▶ _Task brief_
Your output should be the records below, word for word and picture-free.
___ Entries provided
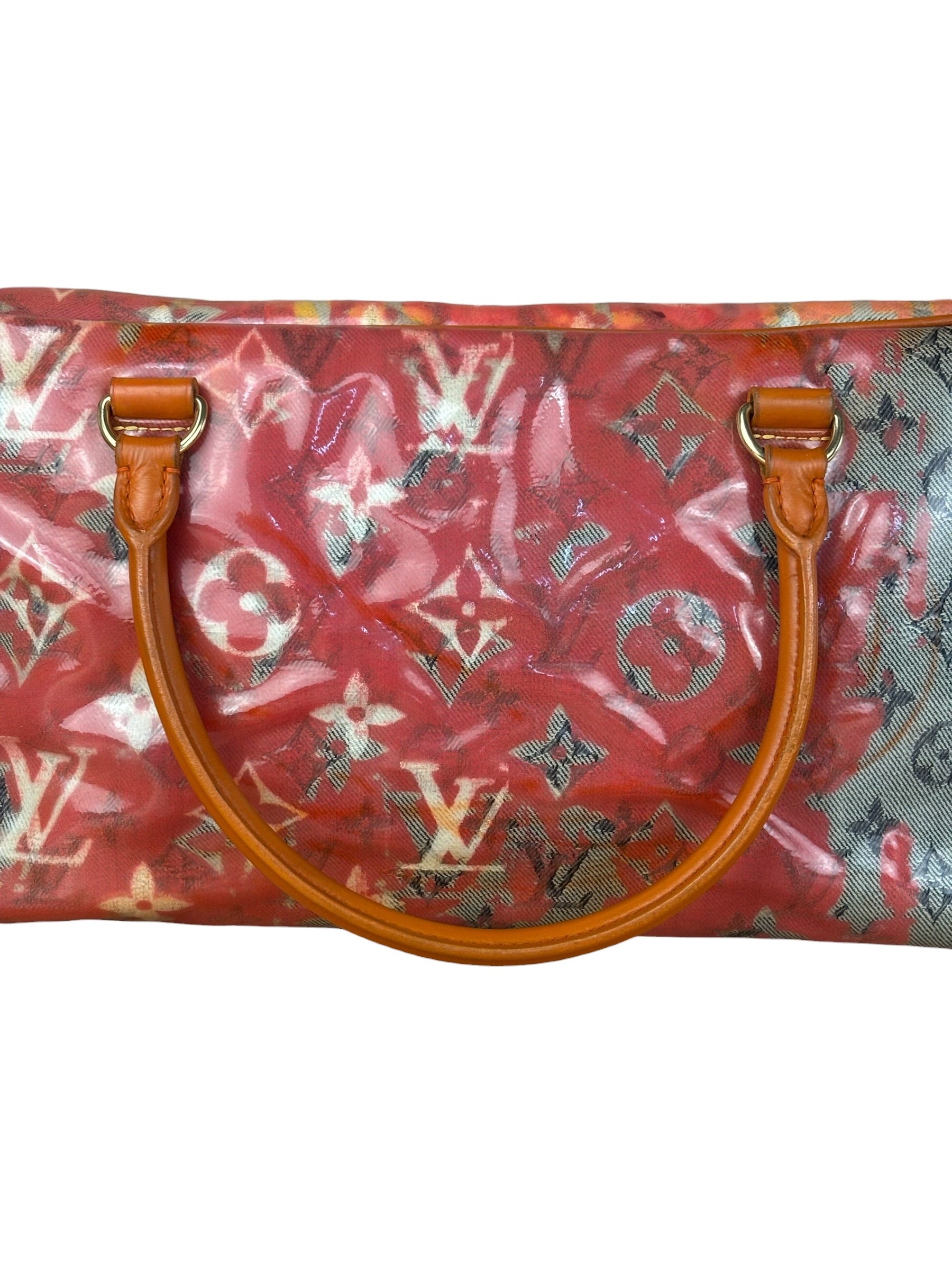 Louis Vuitton Richard Prince Monogram Pulp Weekender PM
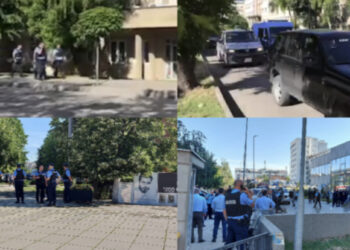 Veteranët e UÇK sërish në protestë, policia blindon Kuvendin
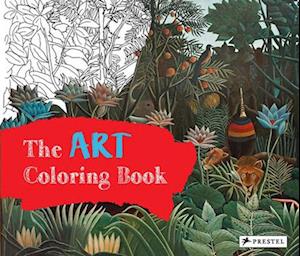 The Art Colouring Book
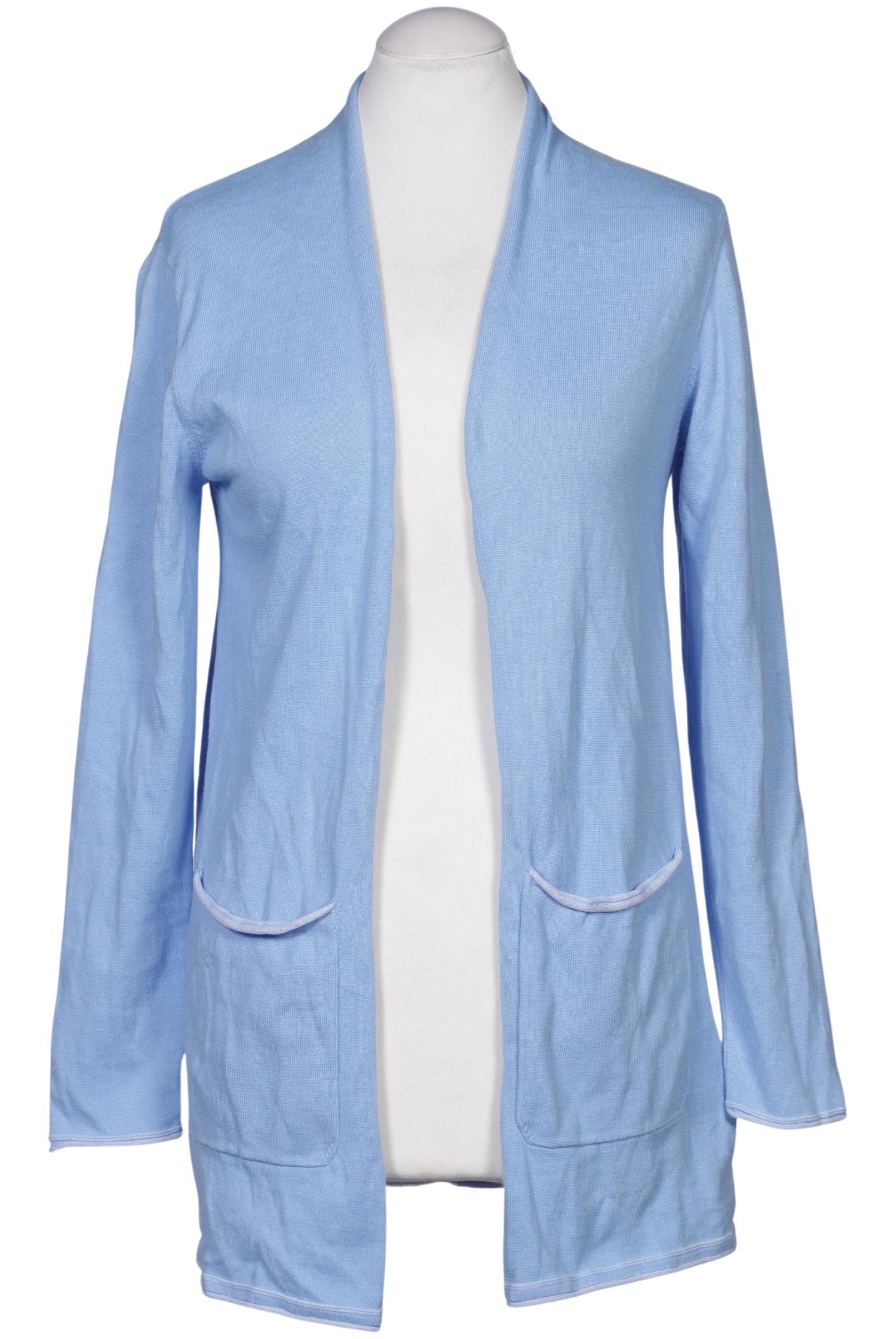 

darling harbour Damen Strickjacke, hellblau, Gr. 36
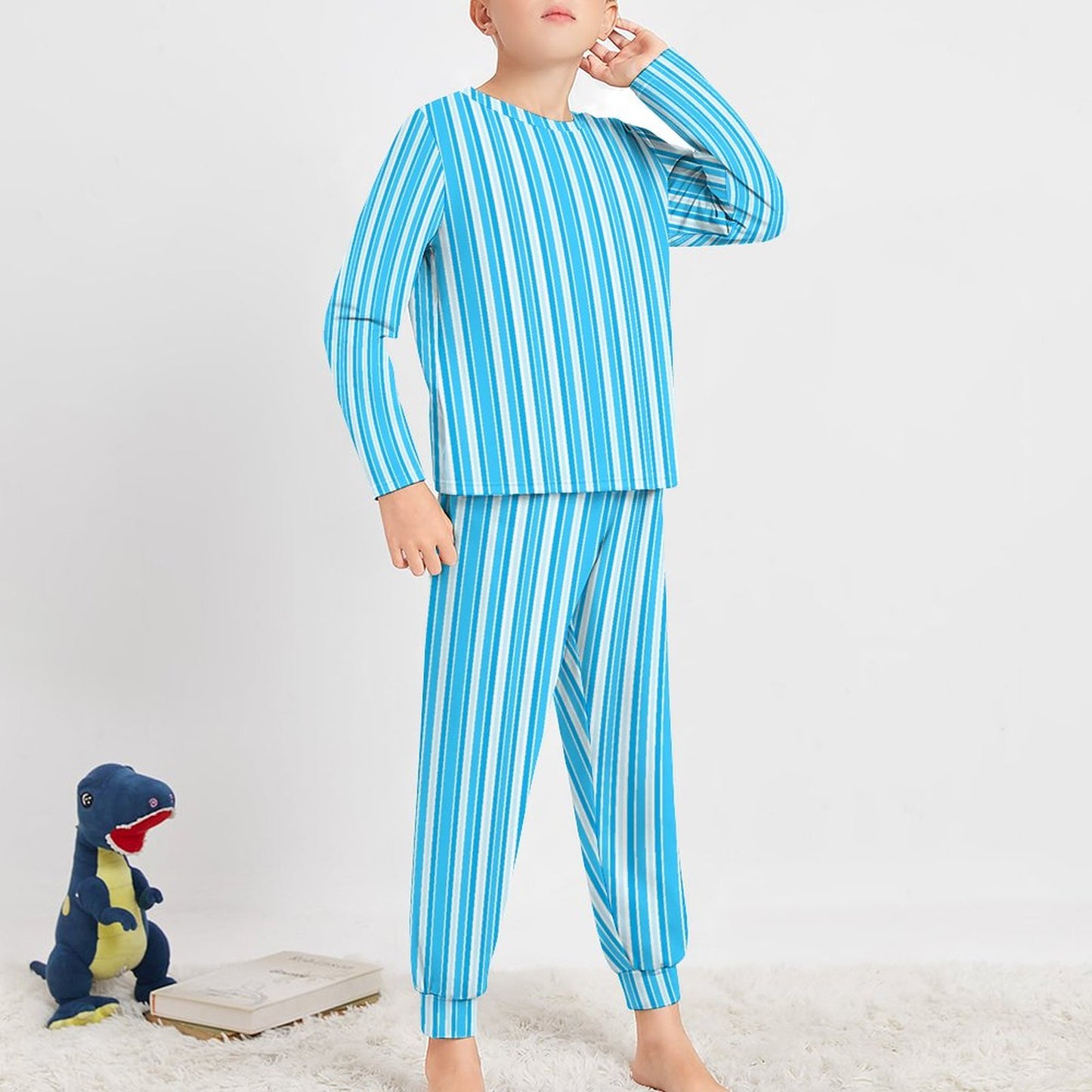 Long Sleeve Pajama Suit for Boy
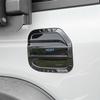 Fuel Tank Cover Oil Cap Gas Trim Frame For Ford Bronco 2024 + Car Styling Protector Decoration Accessories Exterior Sticker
______
▶ _Completed exercise_
 Louis Vuitton Richard Prince Monogram Pulp Weekender PM
 Veteranët e UÇK sërish në protestë, policia blindon Kuvendin
 The Art Colouring Book

darling harbour Damen Strickjacke, hellblau, Gr. 36
 Long Sleeve Pajama Suit for Boy
 Fuel Tank Cover Oil Cap Gas Trim Frame For Ford Bronco 2024 + Car Styling Protector Decoration Accessories Exterior Sticker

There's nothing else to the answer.